Onlar ki yanlarında bulunan Tevrat ve İncil'de yazılı buldukları o Elçi'ye, o ümmî Peygamber'e uyarlar. O Peygamber kendilerine iyiliği emreder, kötülükten men eder. Onlara temiz şeyleri helâl, çirkin şeyleri de haram kılar.

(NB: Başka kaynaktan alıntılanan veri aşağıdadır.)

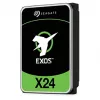 Seagate Exos X24 vidinis kietasis diskas 12 TB 7200 RPM 512 MB 3,5 colio Serial ATA III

Onların ağır yüklerini, sırtlarındaki zinciri kaldırıp atar. İşte o Peygamber'e inanan, saygı gösterip aziz tutan, ona yardım eden, onunla gönderilen nura uyanlar yok mu? İşte onlar kurtuluşa ve saâdete erenlerdir.

Süleyman Ateş

Onlar ki yanlarındaki Tevrât ve İncil'de yazılı buldukları o Elçi'ye, o ümmi Peygamber'e uyarlar. O (Peygamber) ki, kendilerine iyiliği emreder, kendilerini kötülükten meneder; onlara güzel şeyleri helâl, çirkin şeyleri harâm kılar, üzerlerindeki ağırlıkları, sırtlarındaki zincirleri kaldırıp atar. O'na inanan, destekleyerek O'na saygı gösteren, O'na yardım eden ve O'nunla beraber indirilen nura uyanlar, işte felâha erenler onlardır.